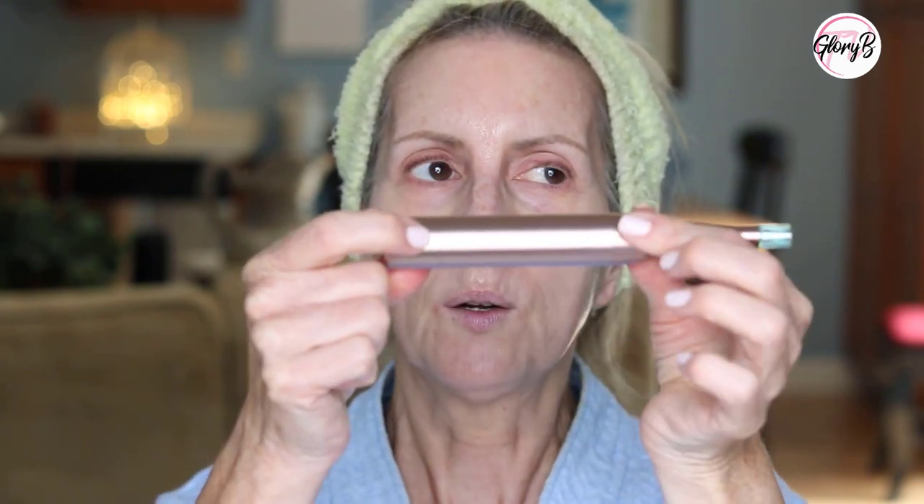After I turn it on by holding it, you can hear that buzzing sound — and it starts out red, which is the most intense, and they say don't start with that. If I press it again, it turns green, which is the medium level, and then one more time it turns blue. And if I press it again, it's red — so it toggles back and forth.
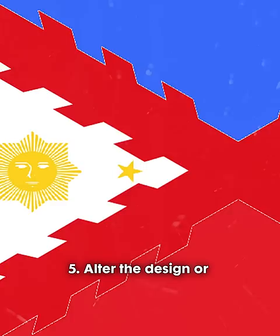And lastly, you should not flip the Philippine flag unless you're ordered to. But let's hope that never happens again.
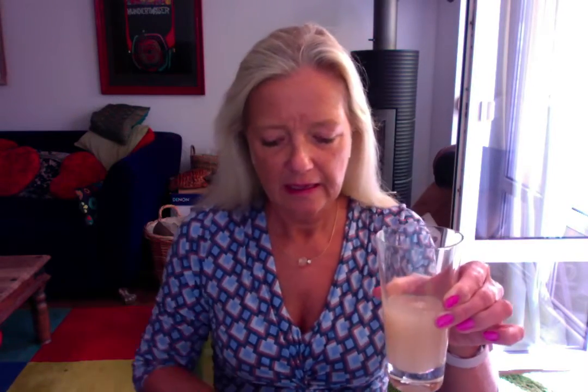Now I choose another product — this is also a liquid makeup — and I put it in the second glass. I take another spoon and I'm going to mix it. You see it's going to dissolve completely in the water and nothing sticks to the spoon.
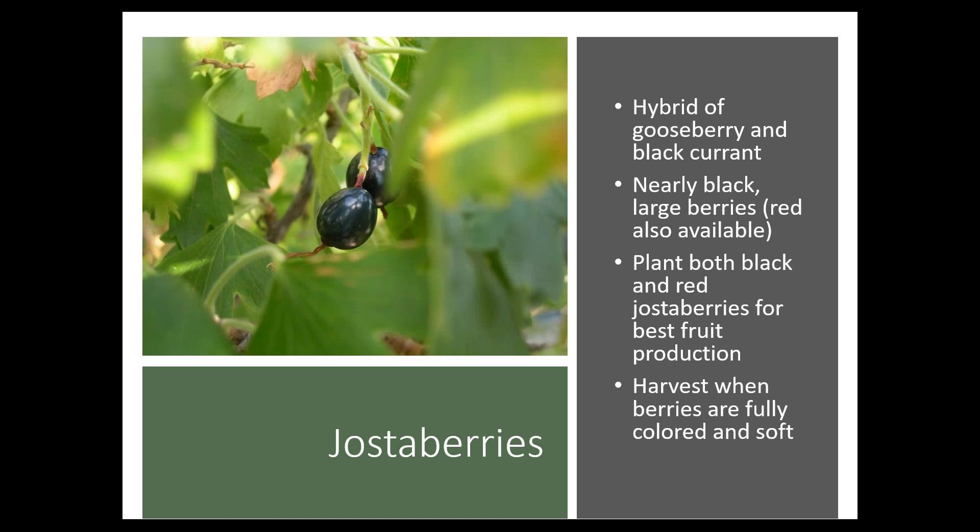Jostaberries are a new thing for many people — they're actually a hybrid of the gooseberry and the black currant. They're almost completely black with nice large berries, and there are some red types available. Unlike currants, jostaberries do better if you have a couple of different types — maybe both black and red and a couple different bushes. You want to wait until those berries are fully ripened: they'll get a nice shine, a dark color, and a soft texture, and that's when you know they're ready.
■ ■ ■
> _Problem_:
The lines wanted run from the first one in the material above through the line containing "Now I choose"; give them again exactly, leaving out the pictures.

> _Solution for this exercise_:
After I turn it on by holding it, you can hear that buzzing sound — and it starts out red, which is the most intense, and they say don't start with that. If I press it again, it turns green, which is the medium level, and then one more time it turns blue. And if I press it again, it's red — so it toggles back and forth.
And lastly, you should not flip the Philippine flag unless you're ordered to. But let's hope that never happens again.
Now I choose another product — this is also a liquid makeup — and I put it in the second glass. I take another spoon and I'm going to mix it. You see it's going to dissolve completely in the water and nothing sticks to the spoon.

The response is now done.